**Assignment:** Go through the entries below and tally the lines holding "Water"; please reply with the number only.

**Data listing:**

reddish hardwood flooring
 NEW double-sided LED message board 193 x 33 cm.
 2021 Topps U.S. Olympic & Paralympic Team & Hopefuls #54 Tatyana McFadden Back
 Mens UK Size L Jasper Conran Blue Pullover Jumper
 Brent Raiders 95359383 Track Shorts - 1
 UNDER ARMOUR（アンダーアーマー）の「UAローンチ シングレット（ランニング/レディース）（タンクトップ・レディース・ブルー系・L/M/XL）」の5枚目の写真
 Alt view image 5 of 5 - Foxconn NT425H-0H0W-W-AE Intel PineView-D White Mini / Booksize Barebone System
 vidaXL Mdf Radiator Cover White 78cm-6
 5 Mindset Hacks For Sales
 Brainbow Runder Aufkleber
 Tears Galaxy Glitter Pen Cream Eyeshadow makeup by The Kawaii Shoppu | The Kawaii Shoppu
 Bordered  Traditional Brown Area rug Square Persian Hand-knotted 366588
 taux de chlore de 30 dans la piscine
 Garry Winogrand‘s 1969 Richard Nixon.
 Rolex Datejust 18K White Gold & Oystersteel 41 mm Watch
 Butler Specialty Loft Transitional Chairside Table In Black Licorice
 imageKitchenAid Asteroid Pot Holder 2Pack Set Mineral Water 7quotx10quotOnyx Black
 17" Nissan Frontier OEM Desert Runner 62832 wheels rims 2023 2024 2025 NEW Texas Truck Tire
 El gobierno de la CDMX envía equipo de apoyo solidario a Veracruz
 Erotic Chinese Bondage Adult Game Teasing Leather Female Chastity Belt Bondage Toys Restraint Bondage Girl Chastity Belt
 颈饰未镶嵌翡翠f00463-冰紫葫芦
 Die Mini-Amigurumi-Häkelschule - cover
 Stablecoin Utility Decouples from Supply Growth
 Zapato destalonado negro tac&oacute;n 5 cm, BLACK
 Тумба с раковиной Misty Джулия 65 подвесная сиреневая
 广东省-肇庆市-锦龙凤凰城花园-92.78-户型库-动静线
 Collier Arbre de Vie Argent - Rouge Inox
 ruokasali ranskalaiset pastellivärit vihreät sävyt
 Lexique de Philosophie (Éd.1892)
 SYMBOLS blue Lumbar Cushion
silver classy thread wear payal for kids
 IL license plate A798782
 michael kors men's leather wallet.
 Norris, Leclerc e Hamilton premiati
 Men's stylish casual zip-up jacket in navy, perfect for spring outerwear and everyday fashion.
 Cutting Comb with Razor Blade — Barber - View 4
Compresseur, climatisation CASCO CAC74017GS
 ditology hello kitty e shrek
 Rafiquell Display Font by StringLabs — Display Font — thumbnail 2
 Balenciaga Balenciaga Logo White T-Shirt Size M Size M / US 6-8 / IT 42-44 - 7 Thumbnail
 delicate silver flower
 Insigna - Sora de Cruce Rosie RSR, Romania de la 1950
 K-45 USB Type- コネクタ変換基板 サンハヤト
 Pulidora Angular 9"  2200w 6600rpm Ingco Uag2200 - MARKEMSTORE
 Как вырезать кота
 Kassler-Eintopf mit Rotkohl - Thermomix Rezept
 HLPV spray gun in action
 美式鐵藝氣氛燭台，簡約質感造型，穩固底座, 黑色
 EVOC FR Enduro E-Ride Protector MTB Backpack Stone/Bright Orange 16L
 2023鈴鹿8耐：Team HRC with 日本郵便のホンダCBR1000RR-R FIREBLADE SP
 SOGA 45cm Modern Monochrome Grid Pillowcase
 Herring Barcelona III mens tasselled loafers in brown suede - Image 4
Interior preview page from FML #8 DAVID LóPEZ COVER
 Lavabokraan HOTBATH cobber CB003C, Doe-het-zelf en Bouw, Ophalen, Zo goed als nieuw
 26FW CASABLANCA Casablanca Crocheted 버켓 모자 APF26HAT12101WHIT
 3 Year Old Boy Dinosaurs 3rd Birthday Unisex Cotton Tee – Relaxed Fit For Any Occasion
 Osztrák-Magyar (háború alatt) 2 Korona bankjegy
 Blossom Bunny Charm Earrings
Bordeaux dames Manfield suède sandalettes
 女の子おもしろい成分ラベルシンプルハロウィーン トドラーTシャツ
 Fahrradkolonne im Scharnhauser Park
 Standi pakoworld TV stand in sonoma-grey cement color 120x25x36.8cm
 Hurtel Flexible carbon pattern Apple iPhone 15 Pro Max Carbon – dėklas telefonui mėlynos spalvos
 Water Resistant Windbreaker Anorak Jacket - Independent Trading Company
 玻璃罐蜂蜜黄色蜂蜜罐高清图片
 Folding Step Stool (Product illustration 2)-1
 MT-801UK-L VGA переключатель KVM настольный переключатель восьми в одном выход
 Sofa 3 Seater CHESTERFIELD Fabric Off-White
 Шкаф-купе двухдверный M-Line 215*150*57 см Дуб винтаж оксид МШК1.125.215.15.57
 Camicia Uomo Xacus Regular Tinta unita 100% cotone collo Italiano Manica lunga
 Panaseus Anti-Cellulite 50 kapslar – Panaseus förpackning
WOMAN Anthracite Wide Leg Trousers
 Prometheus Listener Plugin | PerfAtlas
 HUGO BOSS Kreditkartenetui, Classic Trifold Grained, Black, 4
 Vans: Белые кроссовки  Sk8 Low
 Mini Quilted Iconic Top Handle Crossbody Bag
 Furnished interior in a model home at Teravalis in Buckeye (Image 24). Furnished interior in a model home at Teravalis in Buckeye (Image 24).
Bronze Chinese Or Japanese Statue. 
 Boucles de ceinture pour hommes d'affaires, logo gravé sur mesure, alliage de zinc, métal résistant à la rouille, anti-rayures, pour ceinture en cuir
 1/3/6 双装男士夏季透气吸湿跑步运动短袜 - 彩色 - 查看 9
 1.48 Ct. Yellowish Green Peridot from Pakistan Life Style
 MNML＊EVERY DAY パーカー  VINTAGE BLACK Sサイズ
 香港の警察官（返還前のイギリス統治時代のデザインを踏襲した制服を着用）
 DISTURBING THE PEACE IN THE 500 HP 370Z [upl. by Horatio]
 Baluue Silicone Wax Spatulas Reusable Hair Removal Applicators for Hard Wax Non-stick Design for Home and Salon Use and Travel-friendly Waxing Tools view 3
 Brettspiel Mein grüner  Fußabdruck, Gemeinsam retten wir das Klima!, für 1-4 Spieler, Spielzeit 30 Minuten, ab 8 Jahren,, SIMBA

**Completed task:** 2